‘Oltre le colline’, ovvero il Calvario di una ragazza lesbica
Recensione tratta dal sito del gruppo Kairos di Firenze, 19 novembre 2012
E’ recentemente passato nelle sale un film forte e intenso che mette in scena con distaccato realismo la lotta tra l’amore di una ragazza lesbica e le convinzioni rigide di una comunità religiosa chiusa alla contemporaneità.
Dai titoli di testa si capisce che “Oltre le colline” del rumeno Mongiu, premiato alla scorsa edizione del festival di Cannes, è ispirato a un fatto di cronaca. Alcuni anni fa una giovane donna morì in un convento ortodosso della Romania dopo essere stata sottoposta a un rito di esorcismo dalla comunità religiosa.
Alina è una giovane che è sola al mondo, torna in patria dopo essere emigrata in Germania per ritrovare Voichita l’amica del cuore conosciuta in orfanotrofio e che ora è novizia in uno sperduto convento della Moldavia.
Alina va a trovarla in convento con l’intento mal celato di farle cambiare idea e di farla fuggire con lei. Ma adesso Voichita non è più quella di una volta: sebbene sia ancora legata da affetto sincero all’amica a frapporsi tra di loro ora ci sono Dio, la comunità religiosa e il sacerdote che la guida che per la giovane sono diventati la famiglia che non ha mai avuto.
Quando la laica Alina assieme all’amica varca la soglia del monastero ben presto entrerà a far parte di un mondo che non le appartiene e dal quale viene percepita come un corpo estraneo. Qui le religiose vivono senza gas ne luce elettrica e il sacerdote venerato quasi come un santo vede nel modo moderno come la pancea di tutti i mali.

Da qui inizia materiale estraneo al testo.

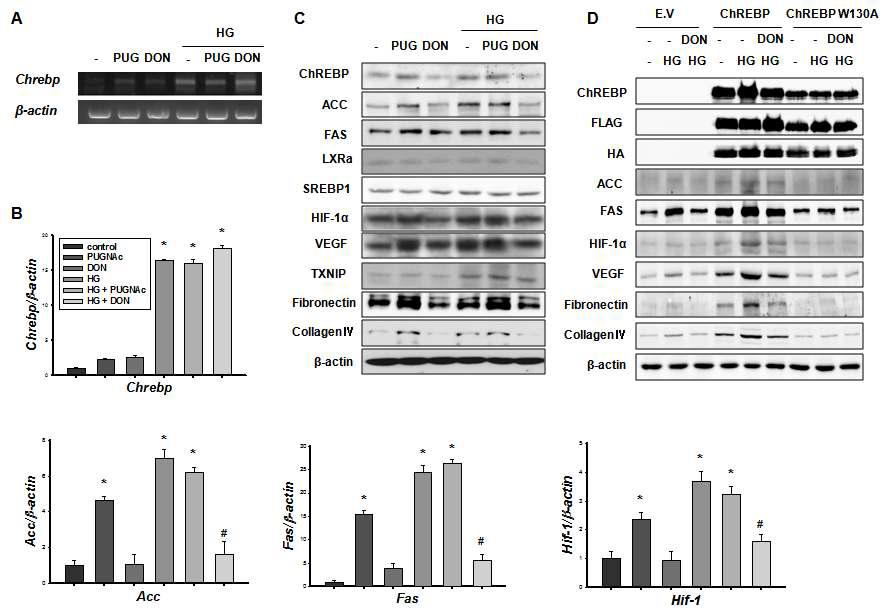 Mesangial cell에서 Chrebp의 glycosylation에 의한 지방 합성 효소 및 사구체 경화증 유도 반응 및 Chrebp W130의 효과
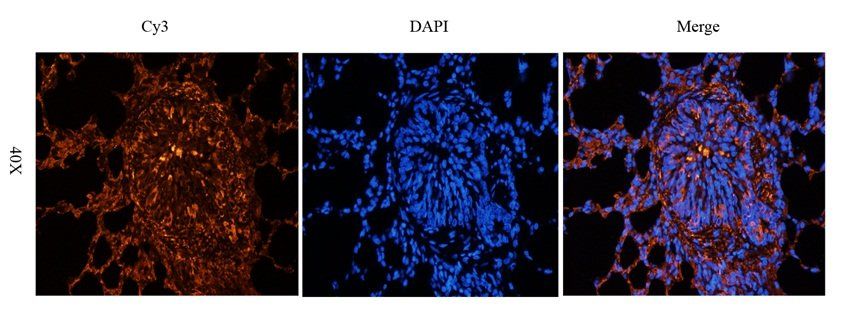 Aquaporin 1 antibody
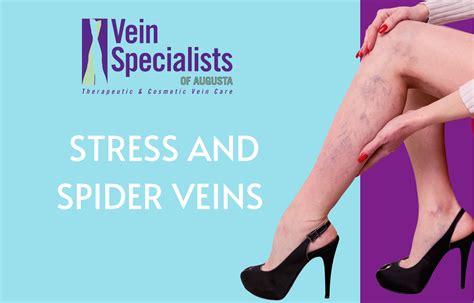 Spider Veins Legs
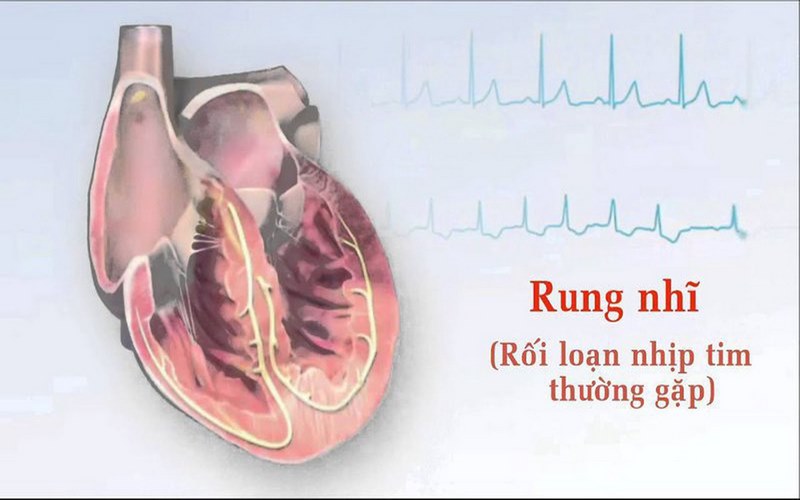 Trên lâm sàng hiện đang chia ra làm nhiều loại rung nhĩ khác nhau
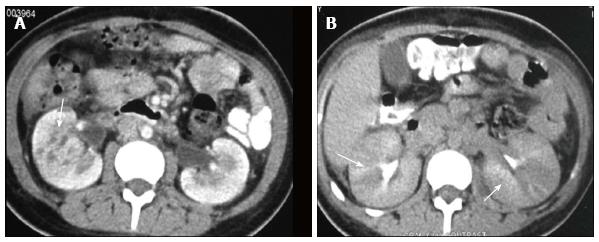 chronic pyelonephritis ultrasound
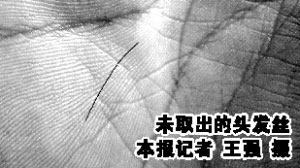 <em>男子</em>挠头<em>分叉</em>儿<em>头发</em>丝刺进手掌 深约1毫米_新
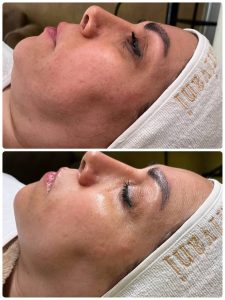 ‏زیبایی ‏عاطفه ‏مریوانی ‏مرکز ‏فیشال ‏تخصصی ‏پوست ‏در ‏اسلامشهر ‏واوان 13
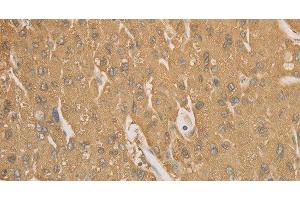 Immunohistochemistry of paraffin-embedded Human liver cancer tissue using CD40 Polyclonal Antibody at dilution 1:70 (CD40 抗体)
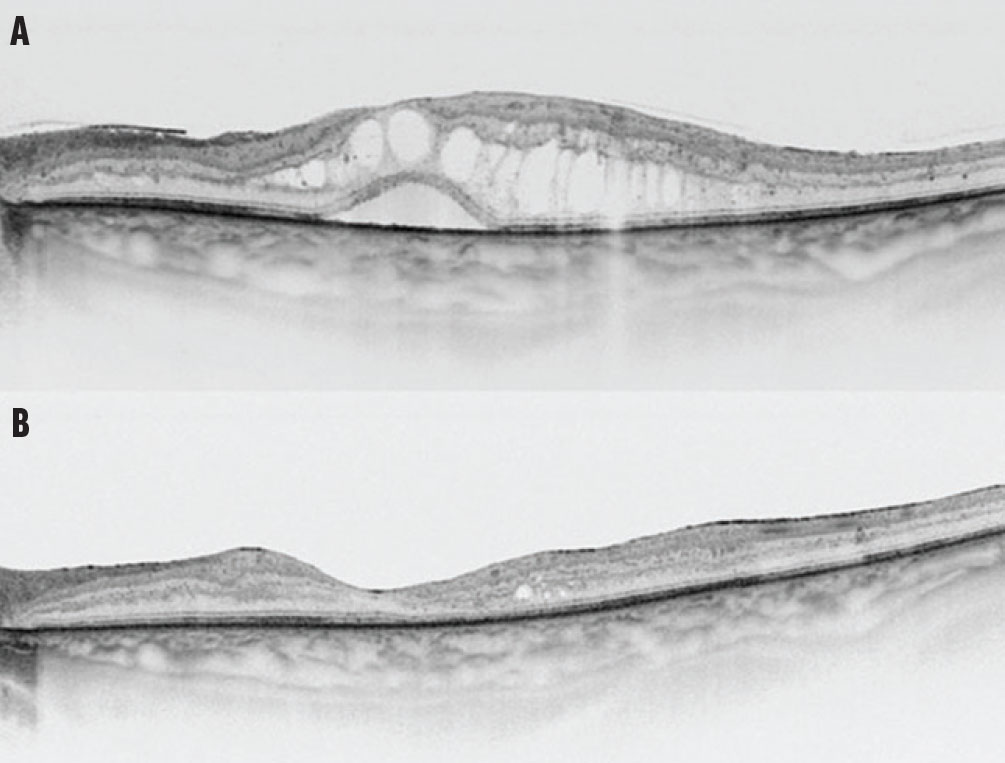 The role of #vitrectomy for #diabeticmacularedema is controversial because studies show anatomical but not functional improvement; however, those results may be due to patient selection criteria. bit.ly/3PUZO4a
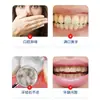 Spray para Cálculo Dentário, Mau Hálito, Cálculo Dentário, Placa Bacteriana, Manchas de Fumaça, Placa Bacteriana, Manchas de Chá, Venda por Atacado de Fábrica, Dropshipping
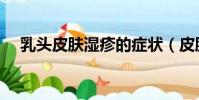 乳頭皮膚濕疹的癥狀(皮膚濕疹的癥狀)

Il dramma si sviluppa attorno al legame complesso che lega le due ragazze incapaci di gestire e di vivere la propria affettività vissuto in un contesto repressivo che farà sprofondare Alina, la più fragile delle due a un destino crudele.

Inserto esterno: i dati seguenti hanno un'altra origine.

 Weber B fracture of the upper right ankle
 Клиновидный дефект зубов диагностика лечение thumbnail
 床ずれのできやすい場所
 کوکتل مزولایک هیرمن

La ragazza non riuscirà a strappare l’amica alla sua vocazione e ben presto le sue manifestazioni di insofferenza e ribellione verso le regole imposte verranno interpretati dai religiosi come peccato/malattia e poi come possessione demoniaca. Una via crucis di 150 minuti con alcune scene che sfiorano il grottesco come quando Alina viene costretta sotto lo sguardo indagatore delle monache a spuntare sulla lista che elenca tutti i peccati riconociuti dalla chiesa ortodossa, quelli che lei ha commesso.
Il regista ha voluto raccontare il tutto con distacco senza dare dei giudizi sull’operato dei personaggi. Questo realismo quasi verista fanno del film un opera ricca di significati e di suggestioni. “E’ soprattutto un film sull’amore e sulla libertà di coscienza: su come l’amore può trasformare i concetti di bene e male in concetti molto relativi.” ha affermato il regista, aggiungendo: “Molti dei grandi errori di questo mondo sono stati commessi nel nome della fede e con l’assoluta convinzione di agire per una buona causa”.

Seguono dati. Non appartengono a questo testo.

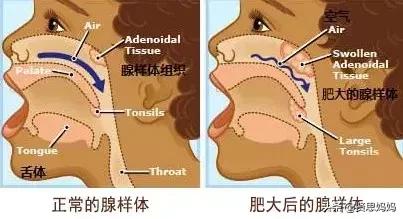 一歲四個月寶寶腺樣體肥大，除了手術(shù)還有什么辦法嗎？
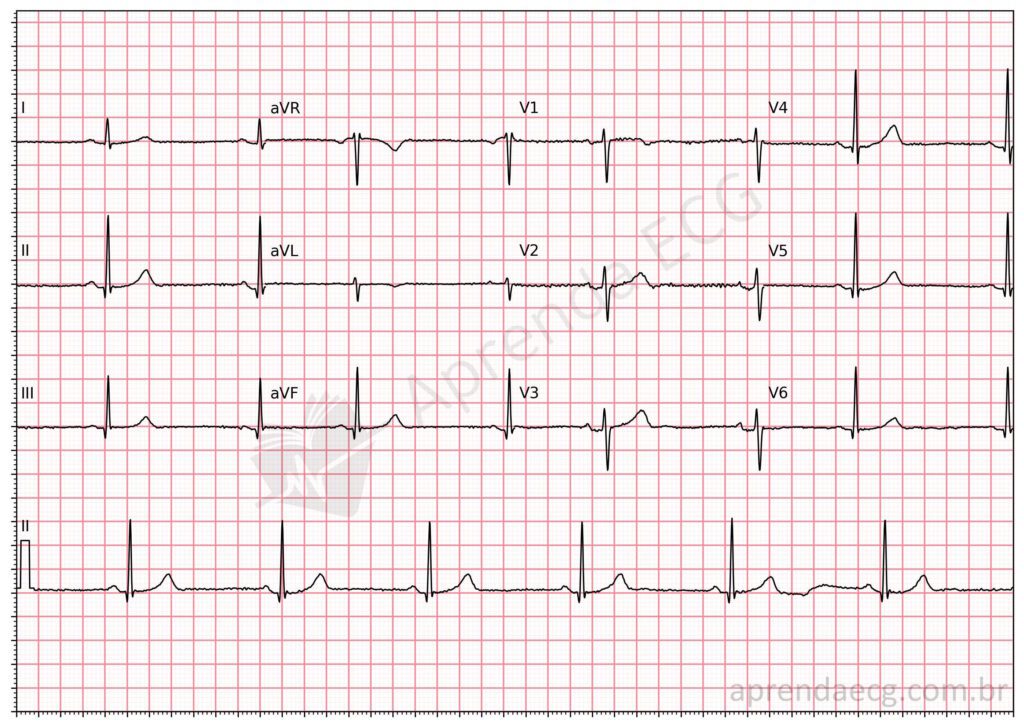 Eletrocardiograma com bradicardia sinusal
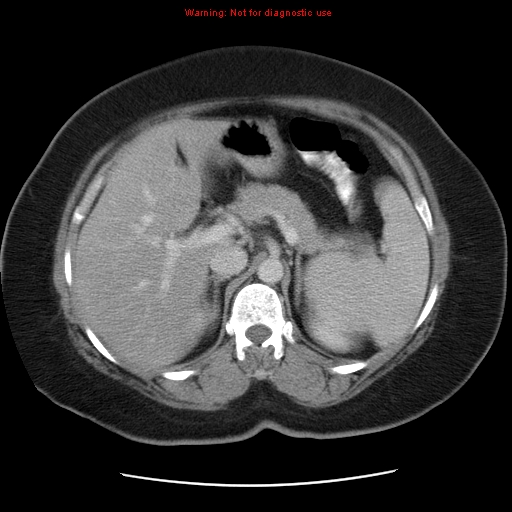 File:Acute appendicitis complicated by ovarian vein thrombophlebitis (Radiopaedia 16172-15851 Axial C+ portal venous phase 30).jpg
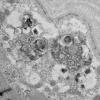 11T4C HCG (Case 11) EM 016 - Copy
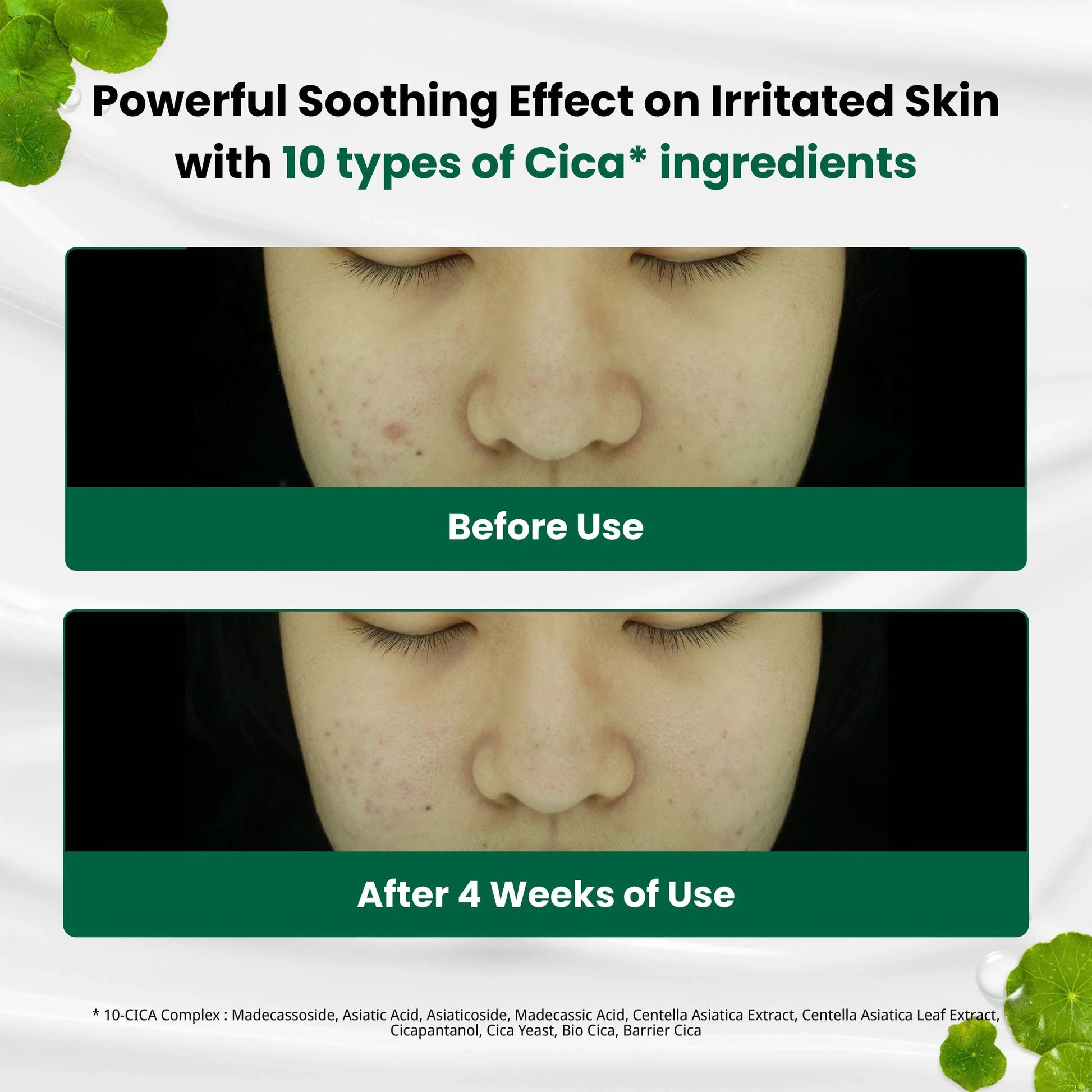 Buy Dr G Red Blemish Clear Soothing Cream 70ml Online in Saudi Arabia - YASHIE SA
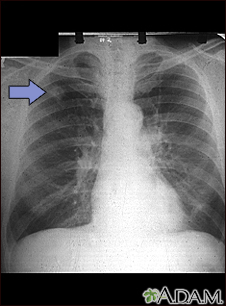Adenocarcinoma - placa de rayos x de tórax - Miniatura de ilustración
              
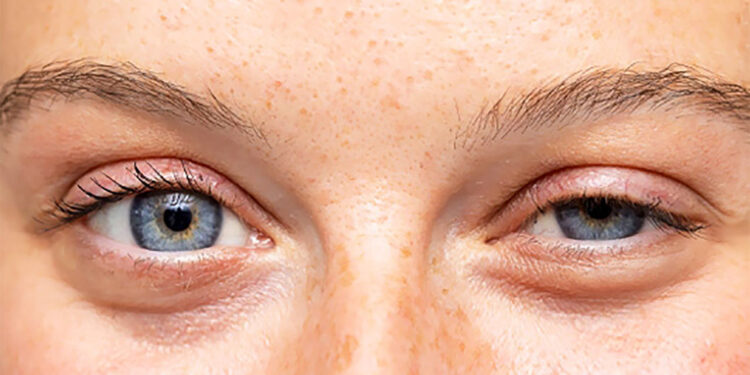 Düşük göz kapağı kaderiniz değil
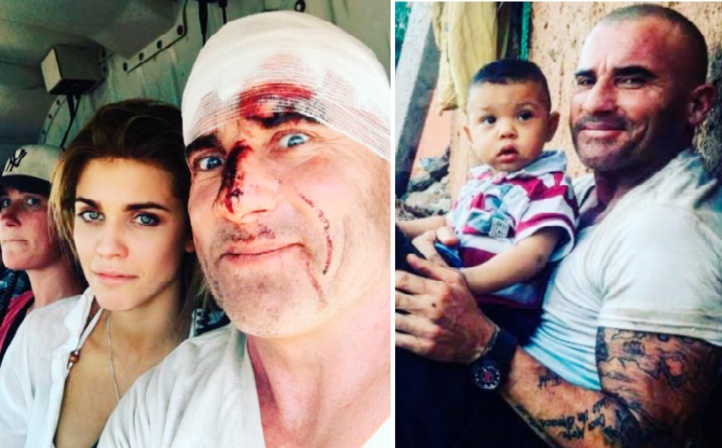 Dominic Purcell déplore l’état des hôpitaux marocains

La conclusione sarà come nella realtà, tragica. Il film almeno suggerisce nel finale un cambiamento da parte della giovane novizia Voichita, che inizia ad avere dei dubbi e a sfiorare l’idea che forse un’altra vita esiste oltre quelle colline, oltre le mura del convento.
Questa nuova consapevolezza arriverà, paradossalmente proprio di fronte a un sacrificio d’amore disperato, martoriato, legato e imbavagliato a un legno… a forma di croce.